Section 1. Purpose. The privilege of United States citizenship is a priceless and profound gift. The Fourteenth Amendment states: ‘All persons born or naturalized in the United States, and subject to the jurisdiction thereof, are citizens of the United States and of the State wherein they reside.’ That provision rightly repudiated the Supreme Court of the United States’s shameful decision in Dred Scott v. Sandford, 60 U.S. (19 How.) 393 (1857), which misinterpreted the Constitution as permanently excluding people of African descent from eligibility for United States citizenship solely based on their race.

But the Fourteenth Amendment has never been interpreted to extend citizenship universally to everyone born within the United States. The Fourteenth Amendment has always excluded from birthright citizenship persons who were born in the United States but not ‘subject to the jurisdiction thereof.’ Consistent with this understanding, the Congress has further specified through legislation that ‘a person born in the United States, and subject to the jurisdiction thereof’ is a national and citizen of the United States at birth, 8 U.S.C. 1401, generally mirroring the Fourteenth Amendment’s text.

[Emphasis added.]

Trump then makes the shocking claim:

Among the categories of individuals born in the United States and not subject to the jurisdiction thereof, the privilege of United States citizenship does not automatically extend to persons born in the United States: (1) when that person’s mother was unlawfully present in the United States and the father was not a United States citizen or lawful permanent resident at the time of said person’s birth, or (2) when that person’s mother’s presence in the United States at the time of said person’s birth was lawful but temporary (such as, but not limited to, visiting the United States under the auspices of the Visa Waiver Program or visiting on a student, work, or tourist visa) and the father was not a United States citizen or lawful permanent resident at the time of said person’s birth.

[Emphasis added.]

Trump’s executive order then requires:

Sec. 2. Policy. (a) It is the policy of the United States that no department or agency of the United States government shall issue documents recognizing United States citizenship, or accept documents issued by State, local, or other governments or authorities purporting to recognize United States citizenship, to persons: (1) when that person’s mother was unlawfully present in the United States and the person’s father was not a United States citizen or lawful permanent resident at the time of said person’s birth, or (2) when that person’s mother’s presence in the United States was lawful but temporary, and the person’s father was not a United States citizen or lawful permanent resident at the time of said person’s birth.

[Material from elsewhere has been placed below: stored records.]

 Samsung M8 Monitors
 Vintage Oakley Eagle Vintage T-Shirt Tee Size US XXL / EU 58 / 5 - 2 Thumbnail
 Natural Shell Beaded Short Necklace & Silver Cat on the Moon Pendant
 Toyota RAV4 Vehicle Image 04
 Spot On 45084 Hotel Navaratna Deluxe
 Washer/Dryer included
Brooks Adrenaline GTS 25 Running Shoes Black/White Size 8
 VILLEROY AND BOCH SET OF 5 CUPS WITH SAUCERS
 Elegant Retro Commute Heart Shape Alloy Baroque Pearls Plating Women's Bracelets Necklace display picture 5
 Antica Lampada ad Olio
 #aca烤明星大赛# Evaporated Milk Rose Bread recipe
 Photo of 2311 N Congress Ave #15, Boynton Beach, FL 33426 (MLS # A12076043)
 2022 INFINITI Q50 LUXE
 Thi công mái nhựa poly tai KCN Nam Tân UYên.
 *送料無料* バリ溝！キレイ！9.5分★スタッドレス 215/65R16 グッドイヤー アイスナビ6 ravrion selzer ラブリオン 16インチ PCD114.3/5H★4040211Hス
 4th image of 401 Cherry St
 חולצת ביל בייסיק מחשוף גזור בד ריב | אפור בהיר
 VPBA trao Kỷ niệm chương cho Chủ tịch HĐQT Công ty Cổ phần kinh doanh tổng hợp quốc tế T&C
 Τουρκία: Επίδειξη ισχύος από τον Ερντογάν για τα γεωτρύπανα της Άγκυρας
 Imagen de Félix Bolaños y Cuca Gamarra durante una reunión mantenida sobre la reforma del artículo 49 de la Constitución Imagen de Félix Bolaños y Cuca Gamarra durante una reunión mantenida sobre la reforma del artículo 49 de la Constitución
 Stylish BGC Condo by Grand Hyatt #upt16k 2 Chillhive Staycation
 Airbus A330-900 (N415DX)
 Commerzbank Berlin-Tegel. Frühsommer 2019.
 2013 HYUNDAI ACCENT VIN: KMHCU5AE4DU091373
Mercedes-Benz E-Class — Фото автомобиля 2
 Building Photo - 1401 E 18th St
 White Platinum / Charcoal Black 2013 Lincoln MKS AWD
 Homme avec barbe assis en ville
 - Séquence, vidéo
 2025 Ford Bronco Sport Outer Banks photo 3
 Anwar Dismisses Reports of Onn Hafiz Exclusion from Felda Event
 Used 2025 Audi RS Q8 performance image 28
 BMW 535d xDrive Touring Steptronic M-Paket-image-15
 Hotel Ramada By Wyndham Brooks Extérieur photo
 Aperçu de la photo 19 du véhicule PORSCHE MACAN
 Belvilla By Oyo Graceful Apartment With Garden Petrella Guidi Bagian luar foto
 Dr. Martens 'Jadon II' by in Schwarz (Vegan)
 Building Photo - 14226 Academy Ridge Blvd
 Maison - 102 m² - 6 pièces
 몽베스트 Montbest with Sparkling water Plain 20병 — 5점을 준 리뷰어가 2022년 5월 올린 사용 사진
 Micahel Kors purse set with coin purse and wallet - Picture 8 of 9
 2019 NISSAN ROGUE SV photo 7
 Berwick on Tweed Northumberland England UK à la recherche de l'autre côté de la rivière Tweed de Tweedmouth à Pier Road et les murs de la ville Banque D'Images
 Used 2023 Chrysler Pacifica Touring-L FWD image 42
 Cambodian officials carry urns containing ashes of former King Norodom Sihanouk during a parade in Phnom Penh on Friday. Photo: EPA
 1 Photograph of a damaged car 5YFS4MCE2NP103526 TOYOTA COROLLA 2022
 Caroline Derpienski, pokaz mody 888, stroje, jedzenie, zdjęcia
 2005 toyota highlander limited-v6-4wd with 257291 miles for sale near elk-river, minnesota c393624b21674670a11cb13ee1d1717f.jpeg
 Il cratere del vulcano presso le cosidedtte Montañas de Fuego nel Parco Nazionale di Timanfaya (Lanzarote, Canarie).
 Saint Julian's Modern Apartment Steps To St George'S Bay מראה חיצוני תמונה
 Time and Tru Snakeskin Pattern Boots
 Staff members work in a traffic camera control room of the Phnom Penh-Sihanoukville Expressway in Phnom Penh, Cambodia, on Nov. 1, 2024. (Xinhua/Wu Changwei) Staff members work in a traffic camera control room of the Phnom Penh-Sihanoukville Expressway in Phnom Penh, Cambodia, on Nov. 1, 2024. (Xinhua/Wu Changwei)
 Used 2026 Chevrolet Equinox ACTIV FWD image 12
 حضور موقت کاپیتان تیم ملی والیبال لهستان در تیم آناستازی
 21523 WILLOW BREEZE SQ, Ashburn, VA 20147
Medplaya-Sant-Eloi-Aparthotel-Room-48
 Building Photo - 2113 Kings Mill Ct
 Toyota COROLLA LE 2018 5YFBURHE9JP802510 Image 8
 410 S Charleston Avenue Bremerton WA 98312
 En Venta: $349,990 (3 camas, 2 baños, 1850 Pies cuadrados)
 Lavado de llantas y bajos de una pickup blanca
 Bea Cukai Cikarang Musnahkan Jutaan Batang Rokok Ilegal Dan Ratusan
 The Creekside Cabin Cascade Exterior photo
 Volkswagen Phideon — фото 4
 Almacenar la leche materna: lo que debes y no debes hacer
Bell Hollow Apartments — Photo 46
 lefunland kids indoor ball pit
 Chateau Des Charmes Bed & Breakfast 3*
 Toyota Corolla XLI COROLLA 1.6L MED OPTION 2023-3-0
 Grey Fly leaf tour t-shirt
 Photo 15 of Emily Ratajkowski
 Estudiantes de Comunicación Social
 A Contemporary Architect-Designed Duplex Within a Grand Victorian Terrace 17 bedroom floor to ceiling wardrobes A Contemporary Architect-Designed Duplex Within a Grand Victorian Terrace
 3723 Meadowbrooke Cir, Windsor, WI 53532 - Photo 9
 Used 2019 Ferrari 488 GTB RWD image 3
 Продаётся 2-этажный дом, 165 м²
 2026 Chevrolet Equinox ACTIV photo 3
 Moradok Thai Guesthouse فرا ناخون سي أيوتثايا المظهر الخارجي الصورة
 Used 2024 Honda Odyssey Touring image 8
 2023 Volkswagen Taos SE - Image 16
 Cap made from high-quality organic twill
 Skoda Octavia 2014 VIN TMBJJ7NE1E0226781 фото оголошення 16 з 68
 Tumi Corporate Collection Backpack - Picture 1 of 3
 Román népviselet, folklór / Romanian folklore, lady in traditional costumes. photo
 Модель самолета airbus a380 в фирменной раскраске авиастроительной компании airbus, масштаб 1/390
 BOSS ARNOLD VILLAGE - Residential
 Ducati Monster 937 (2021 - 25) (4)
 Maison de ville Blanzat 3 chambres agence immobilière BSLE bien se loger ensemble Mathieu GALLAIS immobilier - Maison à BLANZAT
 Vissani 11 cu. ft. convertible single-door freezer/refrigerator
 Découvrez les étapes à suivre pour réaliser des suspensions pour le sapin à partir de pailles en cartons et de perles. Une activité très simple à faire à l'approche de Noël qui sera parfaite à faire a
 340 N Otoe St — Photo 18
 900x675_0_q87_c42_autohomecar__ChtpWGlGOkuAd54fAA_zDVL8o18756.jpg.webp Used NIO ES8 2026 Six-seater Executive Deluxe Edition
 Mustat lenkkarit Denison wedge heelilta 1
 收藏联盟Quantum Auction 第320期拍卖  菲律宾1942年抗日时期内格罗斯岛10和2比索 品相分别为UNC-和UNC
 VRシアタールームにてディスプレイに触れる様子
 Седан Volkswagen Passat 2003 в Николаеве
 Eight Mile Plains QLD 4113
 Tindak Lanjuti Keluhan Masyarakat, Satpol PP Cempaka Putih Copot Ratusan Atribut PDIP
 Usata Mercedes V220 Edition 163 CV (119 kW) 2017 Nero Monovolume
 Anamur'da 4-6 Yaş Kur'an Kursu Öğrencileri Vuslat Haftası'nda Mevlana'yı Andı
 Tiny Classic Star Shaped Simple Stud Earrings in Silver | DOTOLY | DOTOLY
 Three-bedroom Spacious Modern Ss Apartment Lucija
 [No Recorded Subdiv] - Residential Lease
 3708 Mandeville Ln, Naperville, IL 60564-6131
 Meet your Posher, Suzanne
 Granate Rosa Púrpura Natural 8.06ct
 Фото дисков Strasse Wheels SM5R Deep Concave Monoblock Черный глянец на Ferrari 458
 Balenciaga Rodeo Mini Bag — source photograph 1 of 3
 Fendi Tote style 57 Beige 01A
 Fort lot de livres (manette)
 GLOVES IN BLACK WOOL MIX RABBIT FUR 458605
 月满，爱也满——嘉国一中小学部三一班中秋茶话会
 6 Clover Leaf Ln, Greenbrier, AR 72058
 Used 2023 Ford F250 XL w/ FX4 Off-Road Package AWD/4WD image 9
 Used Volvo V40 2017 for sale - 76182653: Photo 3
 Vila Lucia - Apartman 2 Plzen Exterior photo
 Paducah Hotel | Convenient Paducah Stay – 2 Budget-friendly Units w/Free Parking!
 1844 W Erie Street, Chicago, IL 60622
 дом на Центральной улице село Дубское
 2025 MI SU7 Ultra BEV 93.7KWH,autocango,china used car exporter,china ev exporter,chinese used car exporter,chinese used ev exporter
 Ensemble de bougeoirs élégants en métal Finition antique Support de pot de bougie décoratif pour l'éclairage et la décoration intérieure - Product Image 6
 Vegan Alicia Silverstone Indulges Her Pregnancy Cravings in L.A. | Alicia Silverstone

Almost immediately, the states of Washington, Arizona, Illinois, and Oregon sued to prevent the implementation of President Trump’s executive order:

States of Washington, Arizona, Illinois, Oregon v. President Donald Trump. Highlighting added.

The states argue:

The President’s Executive Order, issued on January 20, 2025, and styled “Protecting the Meaning and Value of American Citizenship” (Citizenship Stripping Order), is contrary to the plain terms of the Fourteenth Amendment’s Citizenship Clause and Section 1401 of the Immigration and Nationality Act. The President has no authority to amend the Constitution or supersede the Citizenship Clause’s grant of citizenship to individuals born in the United States. Nor is he empowered by any other constitutional provision or law to determine who shall or shall not be granted United States citizenship at birth. The Fourteenth Amendment and federal law automatically confer citizenship upon individuals born in the United States and subject to its jurisdiction.

[Emphasis added.]

The states respond to the Trump administration’s claim that the clause “subject to the jurisdiction thereof” thereby excludes children whose “mother was unlawfully present in the United States and the father was not a United States citizen or lawful permanent resident at the time of said person’s birth.” The states argue:

Unlike the Naturalization Clause, U.S. Const, art. I, § 8, cl. 4, which empowers Congress to set rules for naturalization, the Constitution nowhere else speaks to citizenship by birth in the United States and nowhere empowers the President or Congress to set additional requirements that override or conflict with the Citizenship Clause’s plain and broad grant of automatic citizenship to individuals born in the United States.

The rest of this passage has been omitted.